==== Records for processing

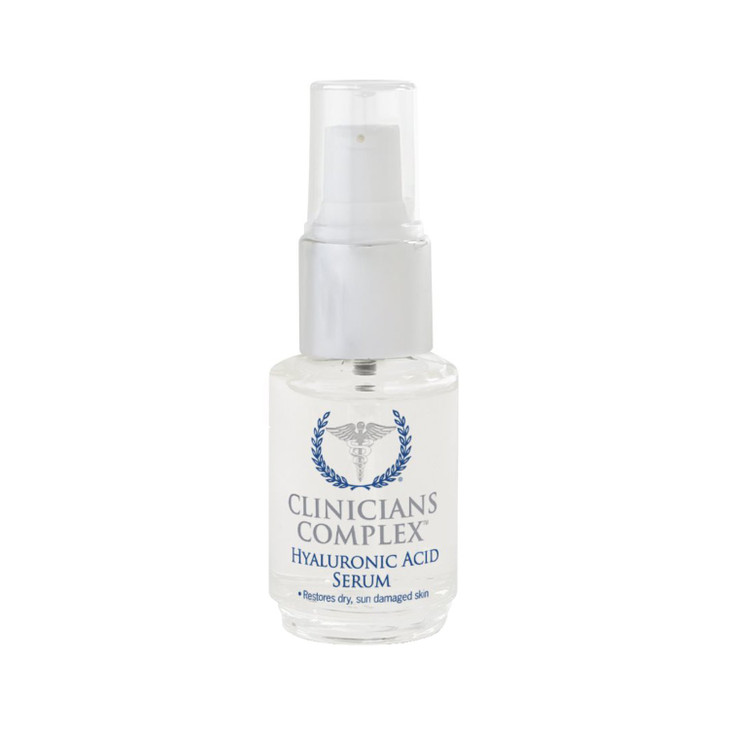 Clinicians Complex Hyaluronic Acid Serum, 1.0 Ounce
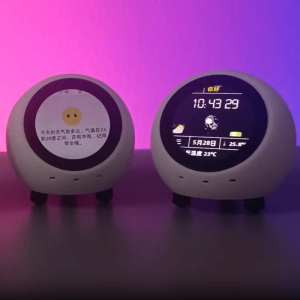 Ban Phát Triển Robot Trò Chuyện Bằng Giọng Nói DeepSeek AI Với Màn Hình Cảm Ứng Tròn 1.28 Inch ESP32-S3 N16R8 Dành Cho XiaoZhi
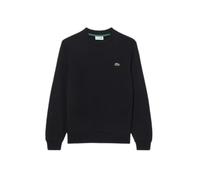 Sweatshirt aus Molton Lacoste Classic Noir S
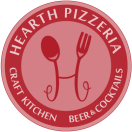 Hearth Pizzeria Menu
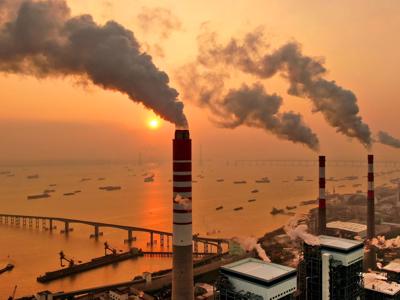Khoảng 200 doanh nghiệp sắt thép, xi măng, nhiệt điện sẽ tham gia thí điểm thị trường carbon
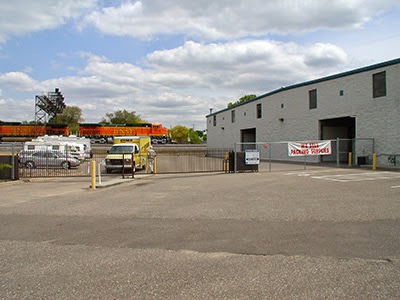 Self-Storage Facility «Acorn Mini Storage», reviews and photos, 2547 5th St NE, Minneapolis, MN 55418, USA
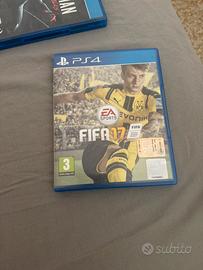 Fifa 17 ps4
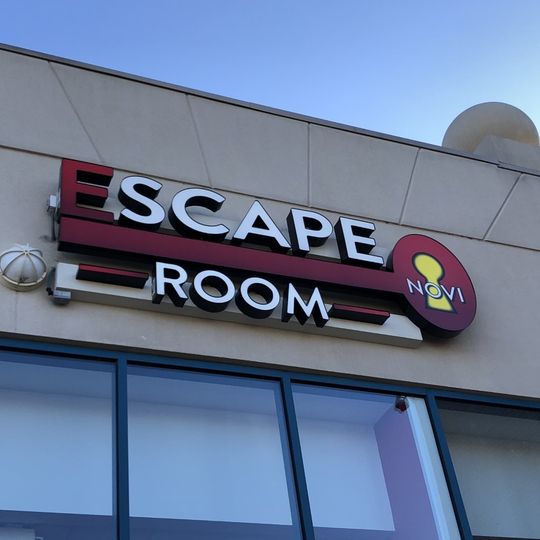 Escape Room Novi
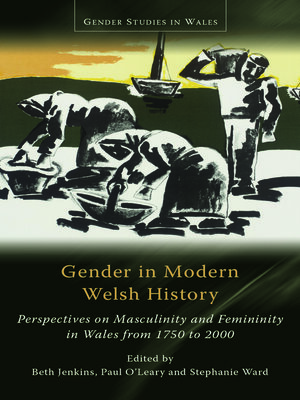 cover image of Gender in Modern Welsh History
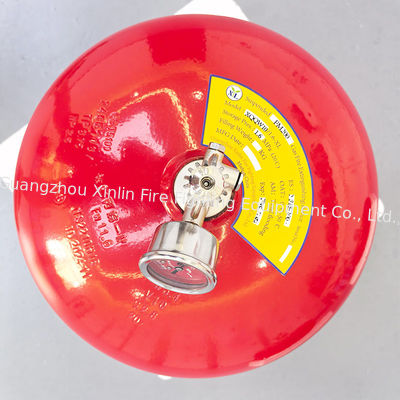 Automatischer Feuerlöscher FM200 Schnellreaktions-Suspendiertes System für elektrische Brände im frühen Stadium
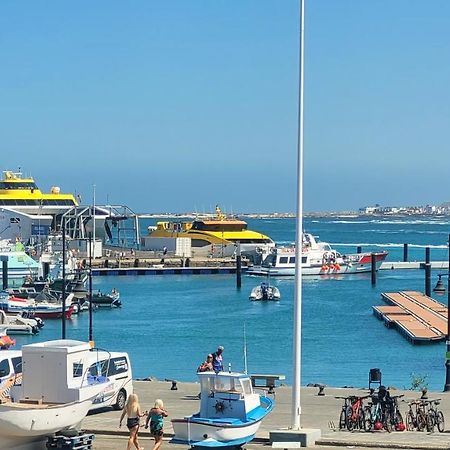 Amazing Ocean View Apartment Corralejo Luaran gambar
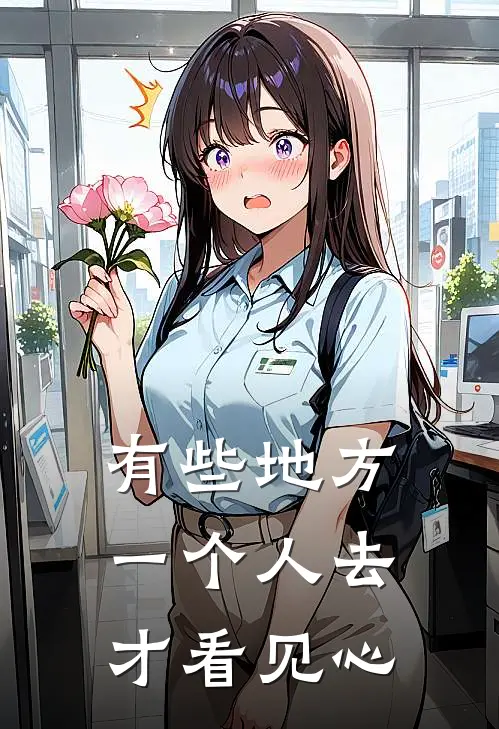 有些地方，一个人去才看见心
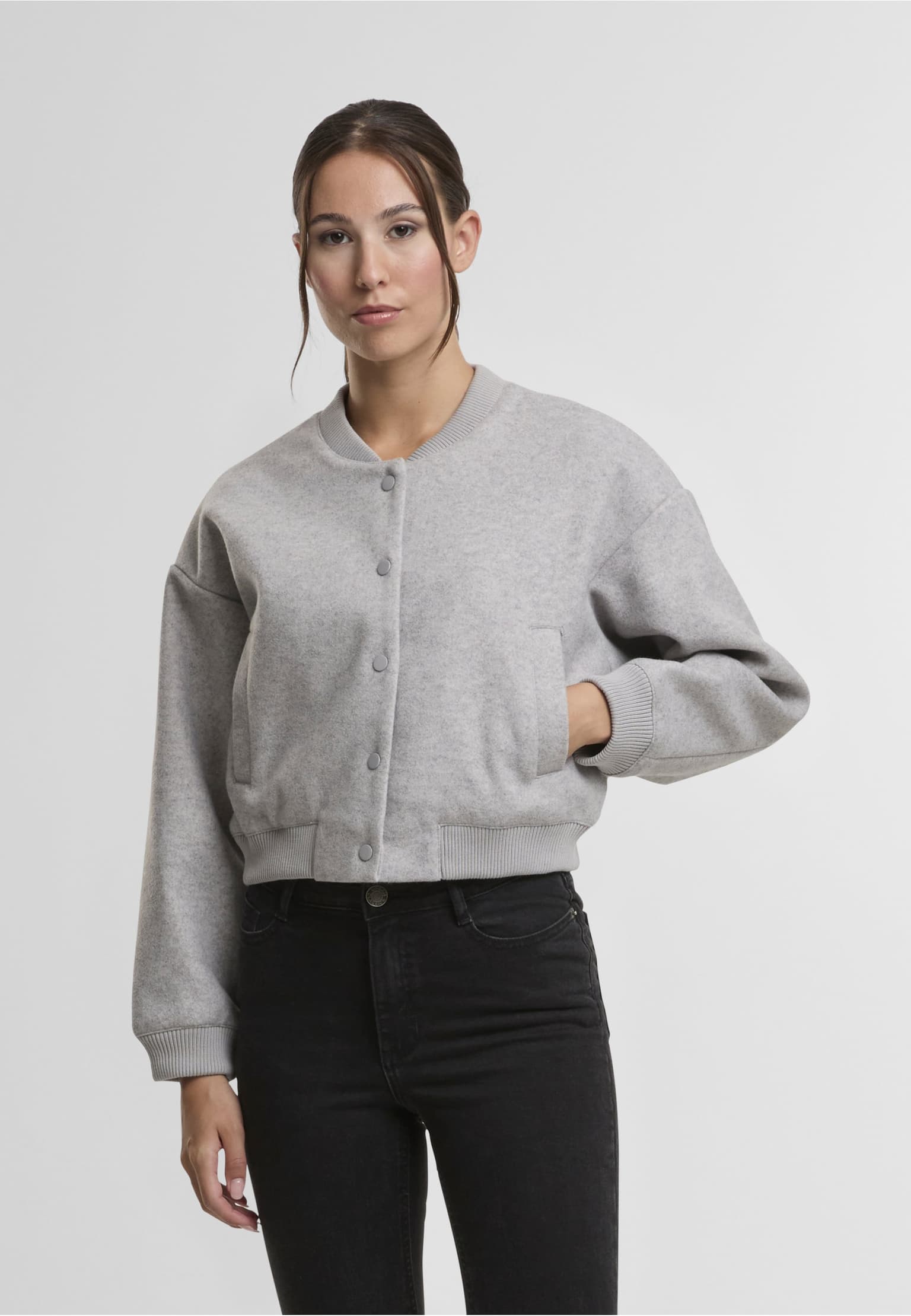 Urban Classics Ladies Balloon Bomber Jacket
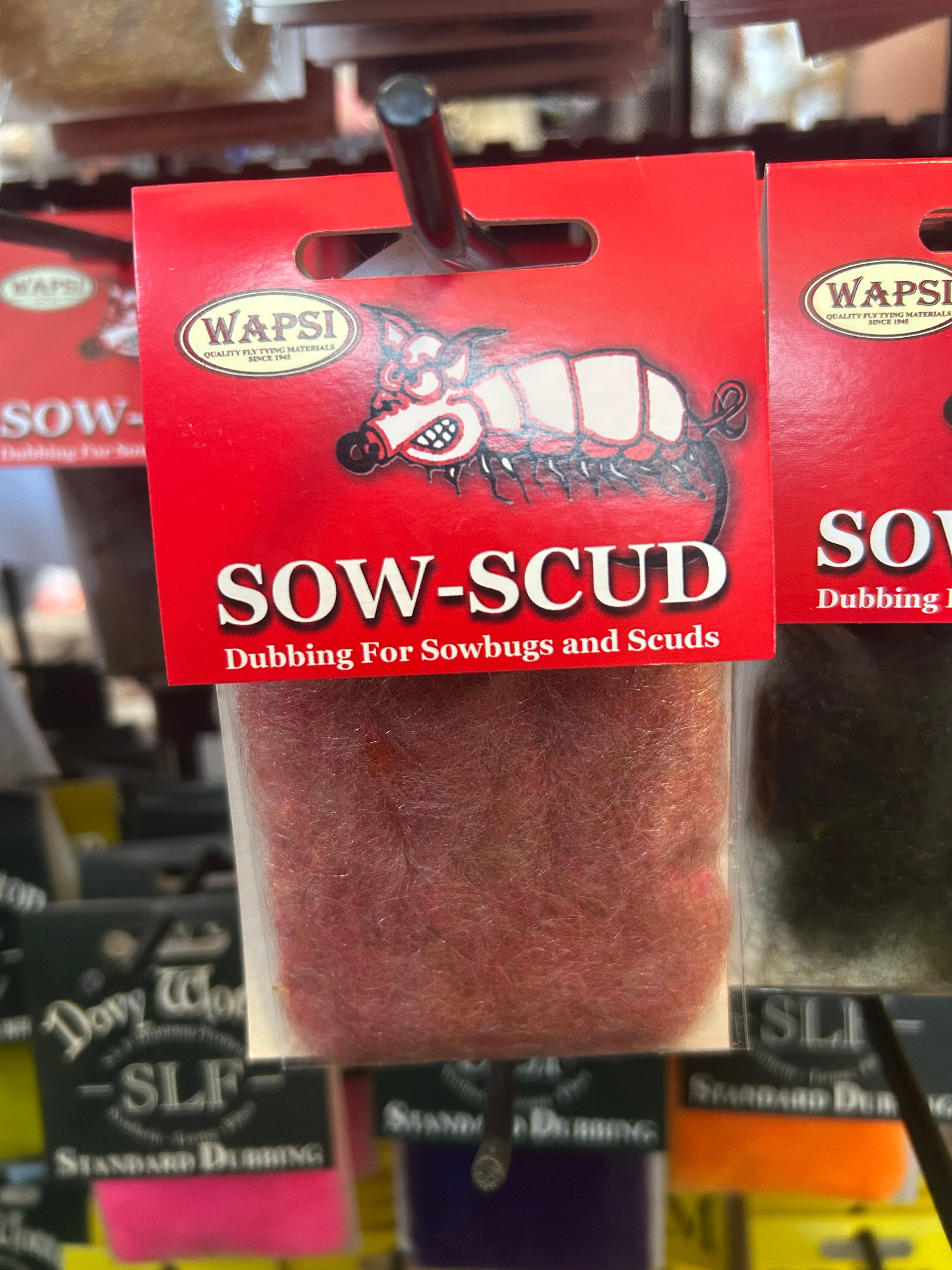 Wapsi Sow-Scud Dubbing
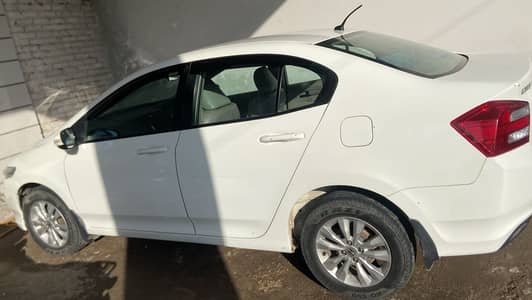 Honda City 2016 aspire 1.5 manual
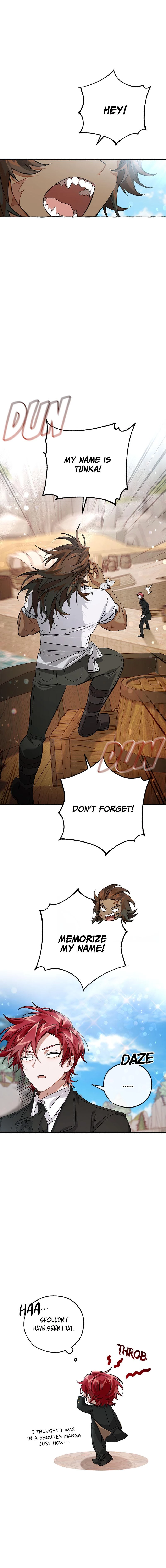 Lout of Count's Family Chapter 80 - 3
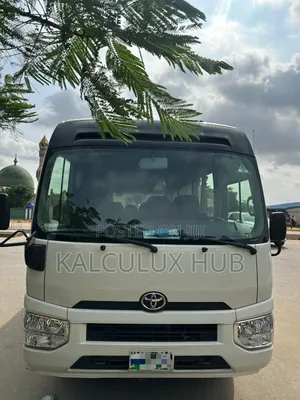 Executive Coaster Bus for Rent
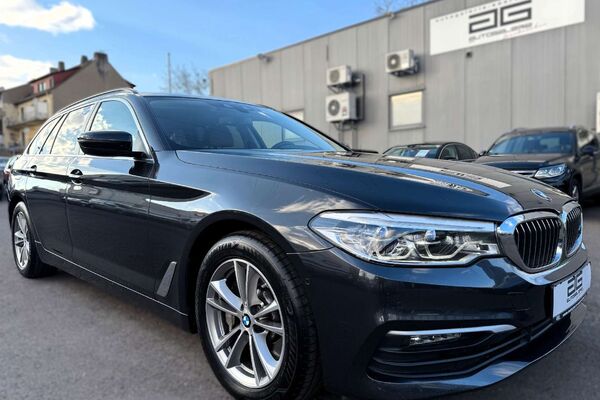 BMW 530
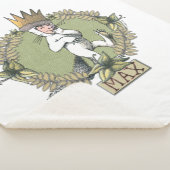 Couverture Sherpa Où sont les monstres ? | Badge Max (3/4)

========

#### [Task to complete]
Transcribe exactly the span of lines that opens with the line holding "Wapsi Sow-Scud Dubbing" and closes with the last line of the entries above. Omit pictures.

#### [Expected output]
 Wapsi Sow-Scud Dubbing
 Honda City 2016 aspire 1.5 manual
 Lout of Count's Family Chapter 80 - 3
 Executive Coaster Bus for Rent
 BMW 530
 Couverture Sherpa Où sont les monstres ? | Badge Max (3/4)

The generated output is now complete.